Well the Hedds came, and they are very nice. Lots of options to tune them to whatever space, other cool built-in DSP effects, bass extension down to (supposedly) 30hz...

"phantom stereo center" doesnt seem as good as some other monitors I've tried, but they are very revealing. Lots of detail and clarity. I love my LP6s to death, they've always sounded amazing to me, and they still do, but I noticed that after listening to the Hedds, the LP6s sounded just a tad boxy to me.

Before I could REALLY dive into the Hedds, the right speaker crapped out on me. There was a little pop, followed by some static, and now it just emits pink noise. Real shame, not even 24 hours. I do understand its a brand new product line, but this does make me weary.

The APS Klasik 2020s come tomorrow, they are nearly half the price. We'll see how they stack up. I might just keep those and return the Hedds.


----------



## Instrugramm (Feb 28, 2021)

Just found this video, might be useful for someone who's in the same case as the OP.


----------



## Monkey Man (Mar 1, 2021)

I recommended the Opals or another flat, wide monitor with decent bass extension; you can go either way, obviously, but that's my preference.

The low end on these puppies is sublime.

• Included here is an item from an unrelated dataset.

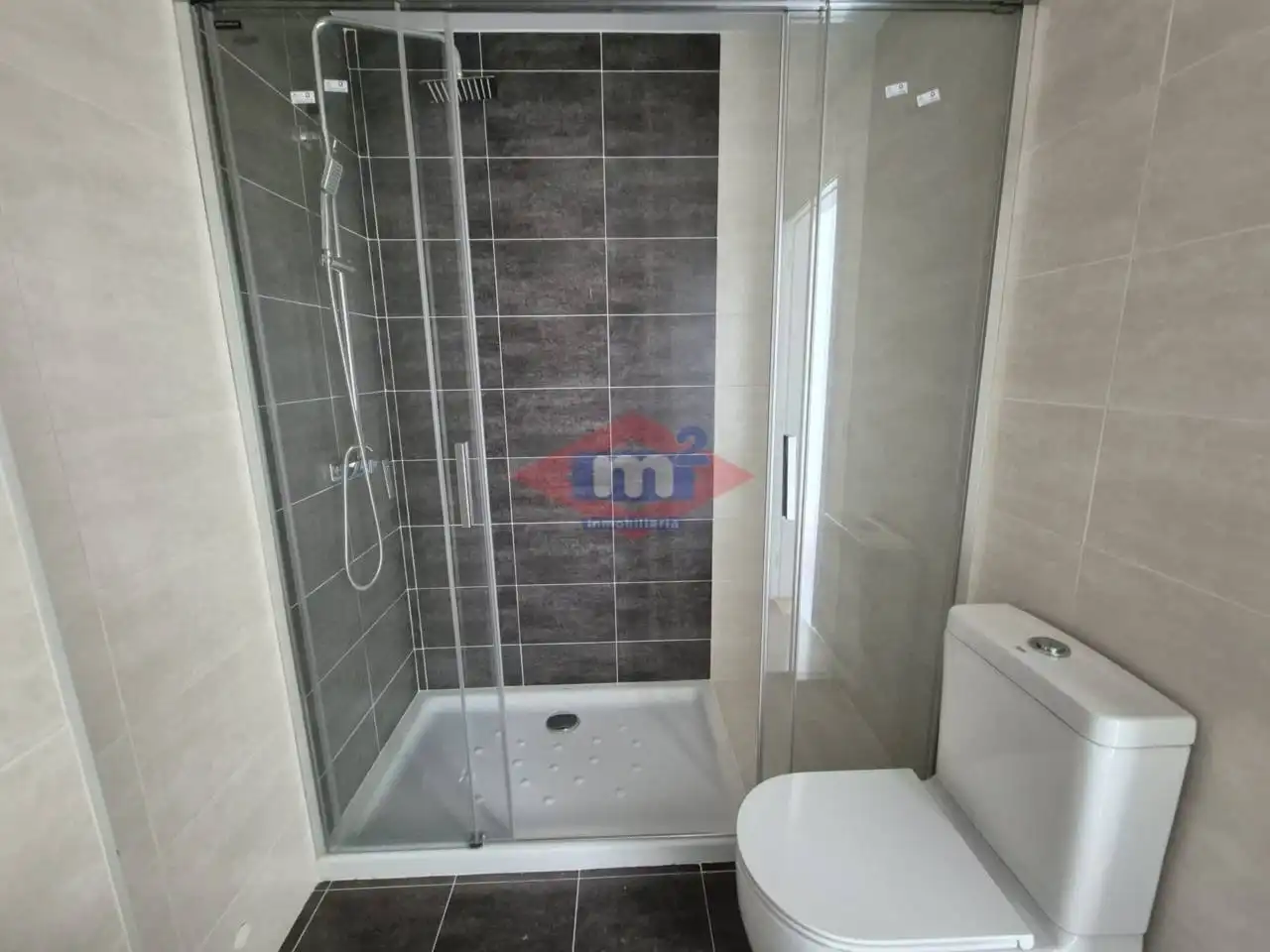 Baño de Piso en venta en Salvaterra de Miño con Calefacción, Terraza y Trastero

It's more-articulate than the marriage of a sub and less-extended monitor by a long shot.

I like to apply Occam's Razor / adhere to the KISS principle wherever possible. In this case you're looking at zero error vs huge potential for errors.


----------



## Instrugramm (Mar 1, 2021)

Monkey Man said:


> I recommended the Opals or another flat, wide monitor with decent bass extension; you can go either way, obviously, but that's my preference.
> 
> The low end on these puppies is sublime. It's more-articulate than the marriage of a sub and less-extended monitor by a long shot.
> 
> I like to apply Occam's Razor / adhere to the KISS principle wherever possible. In this case you're looking at zero error vs huge potential for errors.


I had the Opals in for testing a few months before settling for my current setup, I found them to need enough space to work well (or a very well treated room). Unfortunately my room was too small to handle the bass and the imaging was off as I was using them as near fields, great speakers though, no question about it (more neutral than the Amphions).


----------



## Monkey Man (Mar 1, 2021)

Interesting, and yeah, I've heard that said before.

I'm using them as near fields, but no problem with imaging 'cause I'm in the sweet spot of a 3'-sided equilateral triangle, so the monitors are only 900mm / 3' apart.

This means I'll probably never go beyond the bottom rung of the 5-step / notched level-setting knob, and haven't to this day moved it from its minimum setting. Monitoring, I'm guessing, never goes above 85dB / loud speech levels.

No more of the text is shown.